- **Exercise**
Copy, word for word, the lines of the listing below from the line with "Large yellow sparrow" up to and including the line with "CRAPPIE TUBE SKIRT 1.5 SMOKE/CLEAR 100 PACK". Drop the pictures.

- **Data for this exercise**
'''
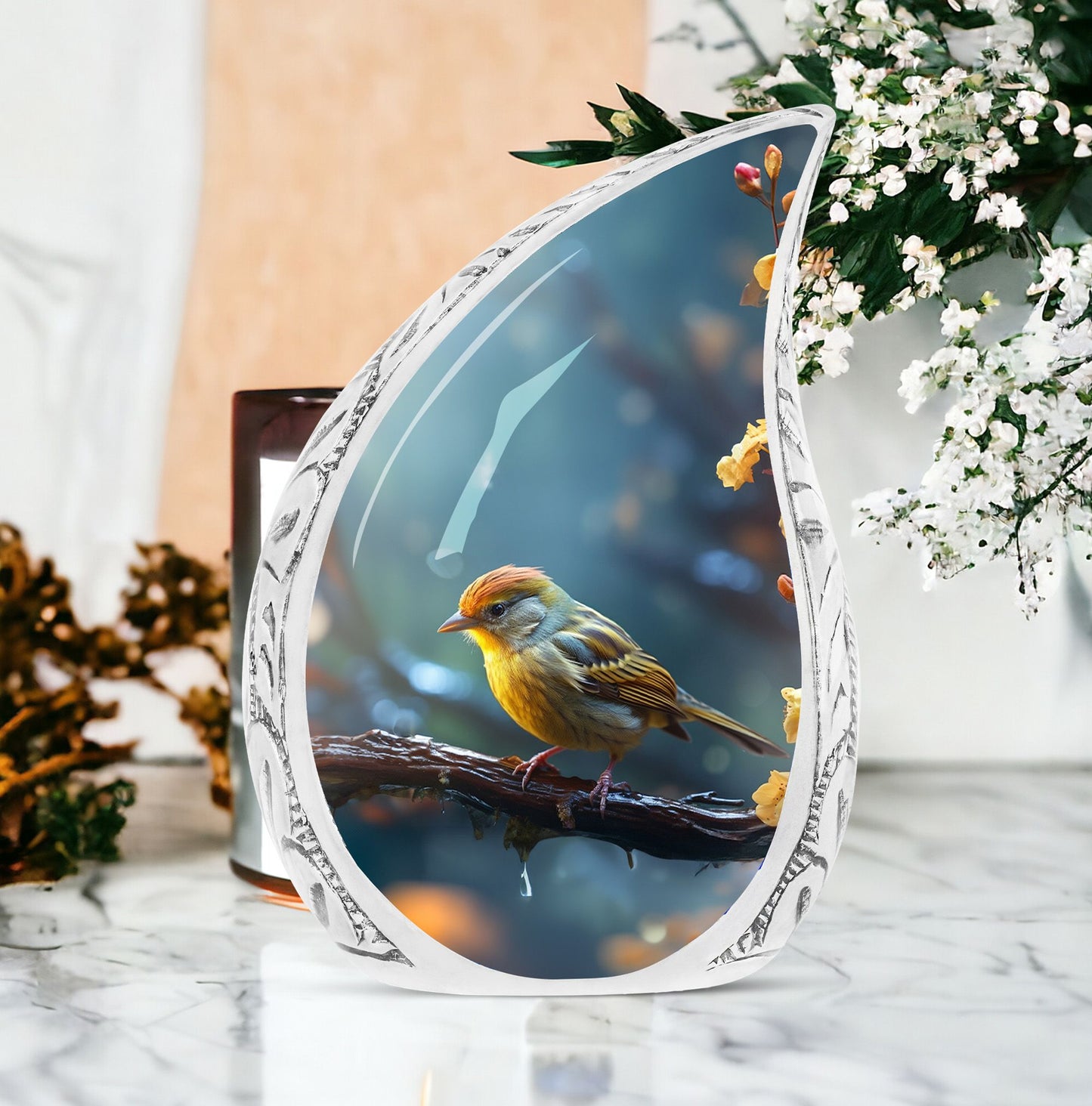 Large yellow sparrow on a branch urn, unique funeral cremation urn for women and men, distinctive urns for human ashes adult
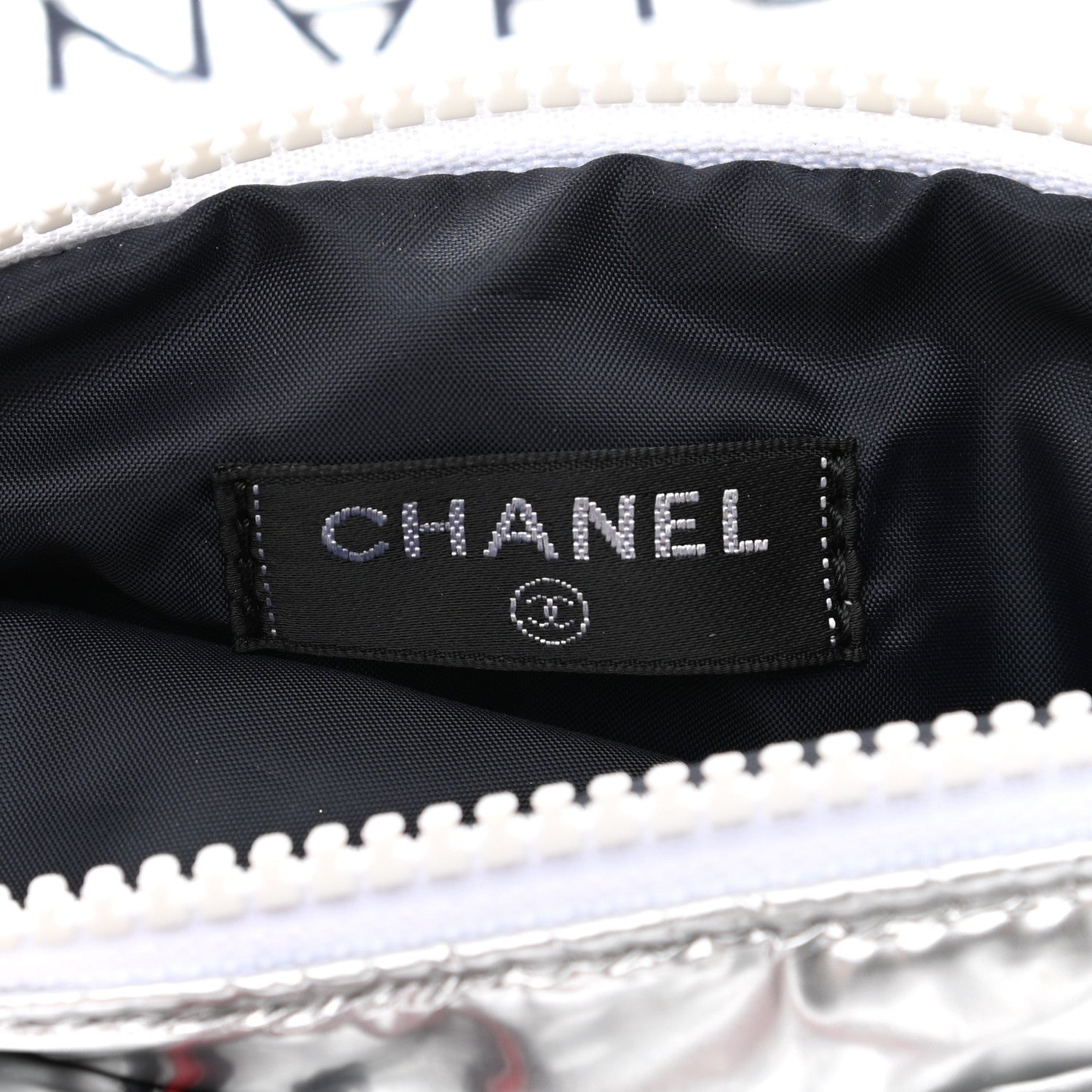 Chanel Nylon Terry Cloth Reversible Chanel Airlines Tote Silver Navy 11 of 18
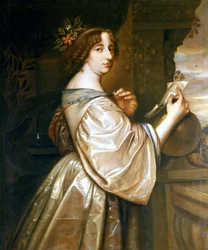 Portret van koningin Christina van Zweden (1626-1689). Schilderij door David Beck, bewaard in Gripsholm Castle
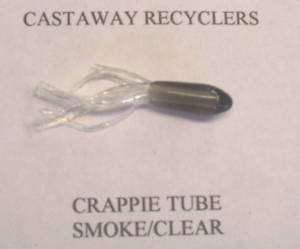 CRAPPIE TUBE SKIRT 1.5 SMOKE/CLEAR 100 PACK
'''
'''
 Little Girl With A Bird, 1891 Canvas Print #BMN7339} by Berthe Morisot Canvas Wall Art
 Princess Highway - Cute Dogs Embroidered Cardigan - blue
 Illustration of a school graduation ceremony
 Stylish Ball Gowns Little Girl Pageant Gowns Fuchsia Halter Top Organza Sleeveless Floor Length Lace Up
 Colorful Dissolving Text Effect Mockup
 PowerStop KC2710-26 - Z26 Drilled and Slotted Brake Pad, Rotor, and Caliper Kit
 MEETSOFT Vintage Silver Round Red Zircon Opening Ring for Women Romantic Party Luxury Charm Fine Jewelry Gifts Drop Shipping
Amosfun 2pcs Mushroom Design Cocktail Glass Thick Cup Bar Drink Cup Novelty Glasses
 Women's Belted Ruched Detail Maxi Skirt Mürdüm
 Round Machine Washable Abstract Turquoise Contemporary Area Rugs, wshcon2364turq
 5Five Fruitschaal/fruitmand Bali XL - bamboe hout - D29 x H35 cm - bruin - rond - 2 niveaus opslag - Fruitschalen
'''
- **Answer section**
 Large yellow sparrow on a branch urn, unique funeral cremation urn for women and men, distinctive urns for human ashes adult
 Chanel Nylon Terry Cloth Reversible Chanel Airlines Tote Silver Navy 11 of 18
 Portret van koningin Christina van Zweden (1626-1689). Schilderij door David Beck, bewaard in Gripsholm Castle
 CRAPPIE TUBE SKIRT 1.5 SMOKE/CLEAR 100 PACK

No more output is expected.